A day prior, Trump was stumping in Arizona while Biden voted in his home state of Delaware and met with health experts as he fine-tuned his pandemic response plan, seeking to reassure voters that he would use science to fight the contagion.

The virus has killed more than 227,000 people in the United States and forced millions out of work in the world’s largest economy as a resurgent wave of cases was reaching record levels.

“I’m not running on a false promise of being able to end this pandemic by flipping a switch,” said the 77-year-old former vice-president, who has a strong lead in opinion polls.

“But what I can promise you is this: We’ll start on Day One by doing the right thing. We’ll let science guide our decisions.”

Tomorrow, Biden will get some star power when he is joined in Michigan by Barack Obama, whom he served as vice-president.

It will be their first joint in-person appearance of the 2020 race, though Obama has been delivering strategica­lly timed broadsides at Trump throughout.

Trump, by contrast, is finishing his campaign in an extreme test of endurance, with a final attempt to catch up both in swing states and also states that he won in 2016 but now has to defend.

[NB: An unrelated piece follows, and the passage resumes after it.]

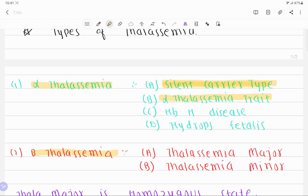If three of the four copies of the alpha globin gene are mutated, it leads to hemoglobin H disease. If all four copies of the alpha globin gene are mutated, it leads to hydrops fetalis. That covers the alpha thalassemia types.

After rallying supporters in three states on Tuesday, Trump, 74, overnighte­d in a fourth – Nevada – and then flew to Arizona for two more rallies. On an airport tarmac in Bullhead City, Arizona, Trump all but ignored the Covid-19 crisis, and many supporters did not bother with masks as they cheered his defiant insistence on a landslide victory come Nov 3.

“It’s going to be a great, great red wave,” he boomed, referring to the Republican colour.

“We love you! We love you!” the enthusiast­ic crowd chanted back.

At another rally in Goodyear, Arizona, Trump predicted that he would repeat his 2016 upset, saying: “We’re going to have an even bigger surprise in six days.”